Nurses getting the most attention
Nurses still tend to get more attention from hospital leaders than do other employees in part because there are so many and they tend to lobby hard for what they want, says Paul R. Dorf, Ph.D., APD, managing director of Compensation Resources, Inc., a healthcare consulting company in Upper Saddle River, N.J. The company works with hospitals and other companies on compensation and employee retention issues.
"Most hospitals in the past 40 years have concentrated their efforts on certain positions such as RNs, radiological technicians and pharmacists," he says. "Nurses are a major group that really gets a tremendous amount of attention. Some positions may not get the level of concern that they do because you've got 25 openings for nurses.
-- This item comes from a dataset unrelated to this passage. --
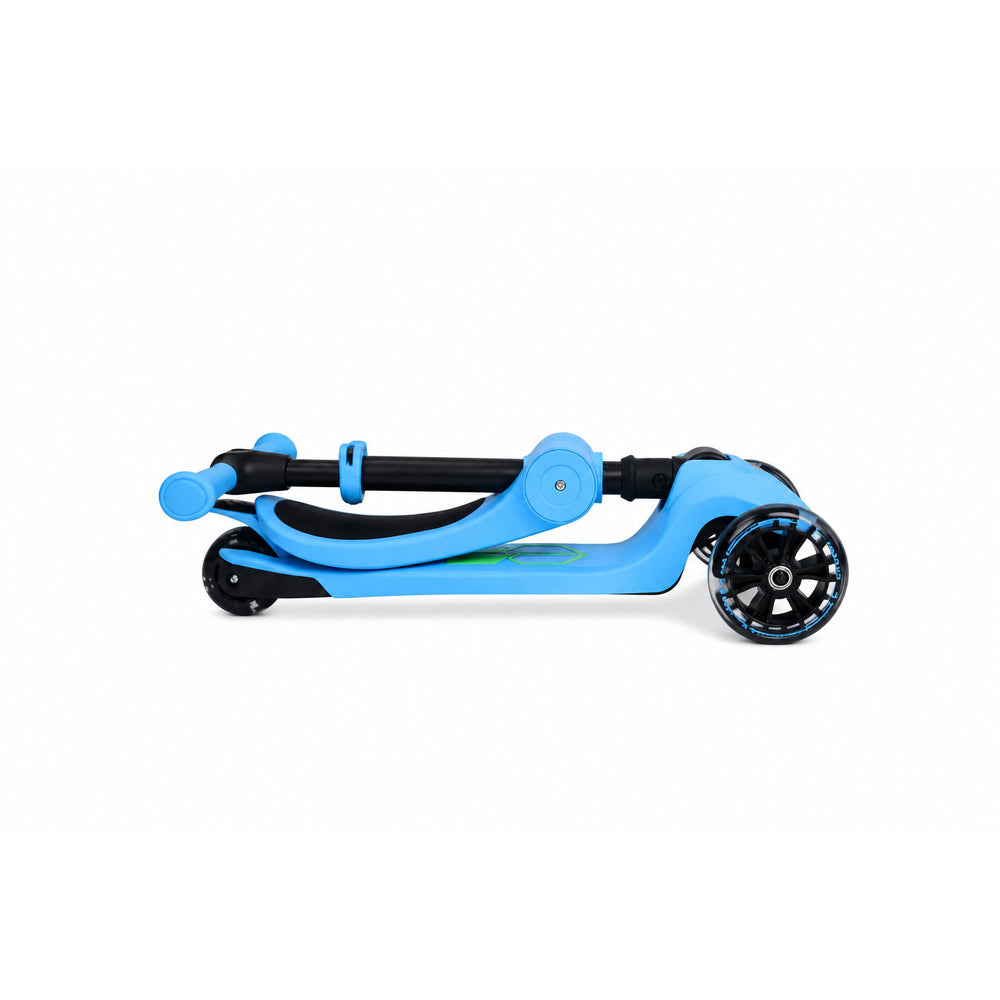 Trotineta copii pliabila, albastru, Lamborghini Kick'n'Roll  L5 2in1, cu 3 roti luminoase, ghidon reglabil, scaun retractabil, 3+ ani, suport maxim 50kg, suport maxim 20 kg scaun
"As organizations become much more attuned to what's going on and recognize they're in a highly competitive market, some will become better," about paying attention to other workers, Dorf predicts.
One difficulty, he says, is that many health care facilities are facing "some type of budgetary constraints."
The survey results indicate that having an RN designation boosts your salary in positions such as nursing director, regulatory compliance director, director or safety, education director, JCAHO coordinator, nurse manager, performance improvement director, quality director or manager, and risk manager/compliance officer.
This designation does not necessarily lead to higher salaries for RNs who work as directors of infection control, however, where the average salary in 2005 was $63,250 for RNs and $75,000 for IC directors without this designation.